They used 1/2" MDF as a main support piece, oriented in the flat. I was flabbergasted when I saw that. Also the screws for the spring mechanism fell out 1 by one because the wood was just wearing out. I replaced with 3/4" plywood and it's perfect now.

I would probably buy another one, but I would examine the under structure carefully to see if they still build them the same way.

Like I said other than that the rest of the chair is like new and still just as comfortable today as it was when new.

As far as fake leather, when I see one that doesn't eventually de-laminate I will let you know.

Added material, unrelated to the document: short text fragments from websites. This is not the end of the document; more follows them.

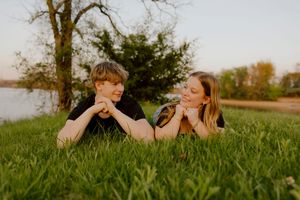 Young couple lying in green grass by lakeside, smiling at each other during sunset.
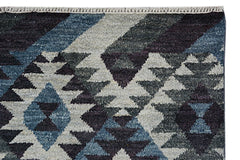 Handmade Afghan wool rug featuring a geometric pattern in shades of blue, grey, and dark purple.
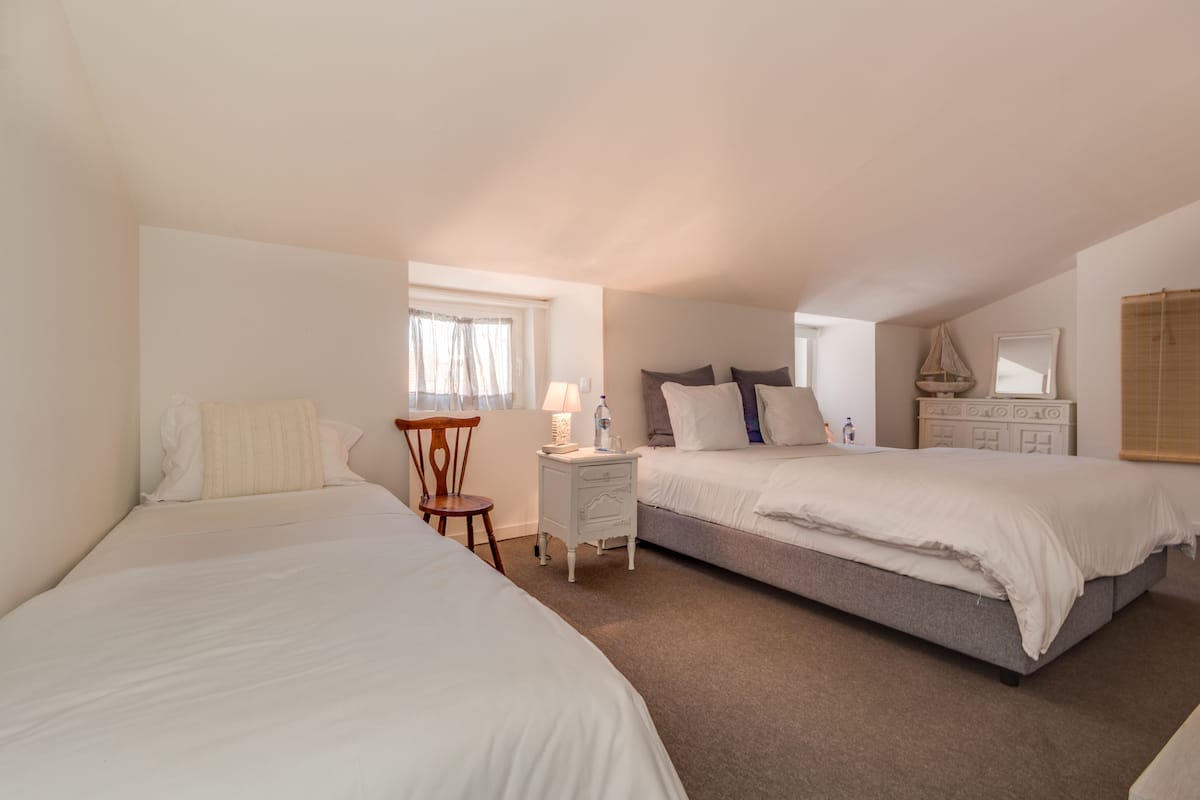 A bedroom with two beds, a nightstand, a chair, and a window with curtains.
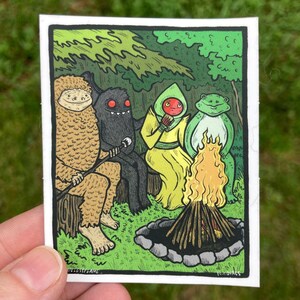 May include: A colorful illustration depicts a gathering of whimsical creatures around a campfire. A Bigfoot-like figure, a dark monster, a figure in a yellow robe, and a frog-like character are seated near the flames. The artwork is set in a forest scene.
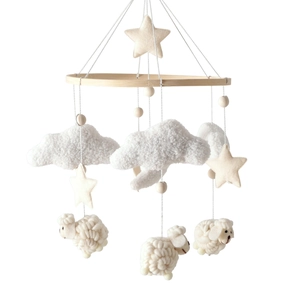 Detail of wooden baby crib mobile with sheep, cloud and star plush hanging ornaments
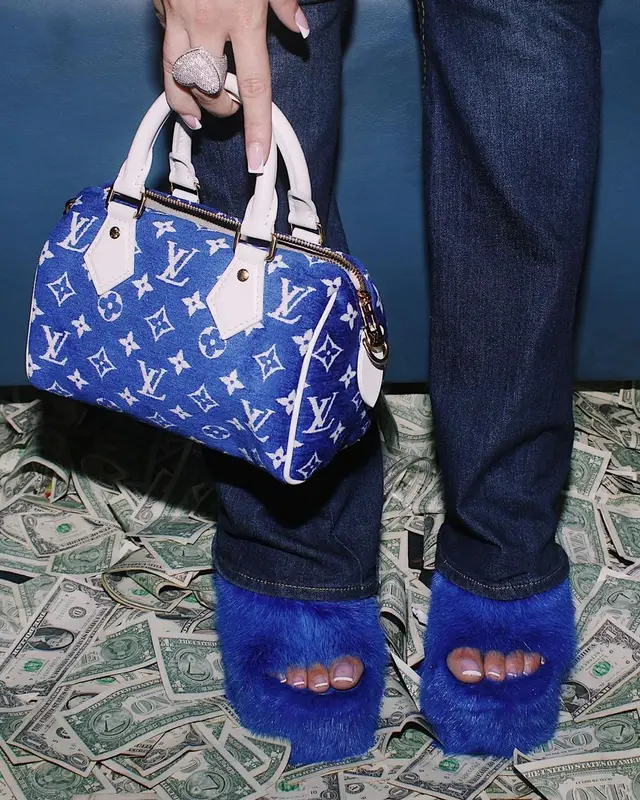 Latto outfit in True Religion, Louis Vuitton, and Chanel, 2022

The stuff is 100% garbage in my opinion. 

Furniture these days is all terrible to me. My parents had a La Z Boy recliner that eventually went to my uncle was at least 35 years old when he got rid of it, wasn't worn out just out of style. My first sofa was from my grandparents green and gold stripes from the 60's I gave it to someone else when I bought new. They are still loving the old one and my new one is now in the dump, lasted 6 years.


----------



## 78Vette (Nov 25, 2009)

We bought a dual recliner in 2004 and it's been as good as one can expect these days. It was made here in Ontario CAN and was a major factor in our decision. Since then, they closed it and moved over to China. 
The black little plastic rollers that run in the channel underneath all broke last year, causing the metal channel itself to wear badly from metal to metal contact. All the parts needed where given to me and i installed it myself. (Would have got charged for the service call). Fabric is good and as long as i get free parts, i'll keep it and will buy LB again.


----------



## SPS-1 (Oct 21, 2008)

If you are buying leather, make sure it is "genuine leather", and not "bonded leather".

Genuine leather will last 20-30 years. Bonded leather -- you may have to divide that number by 10.

Of course, genuine leather costs a lot more than bonded, so if you are getting a great deal, there could be a good reason why that recliner is so much less than the others.


----------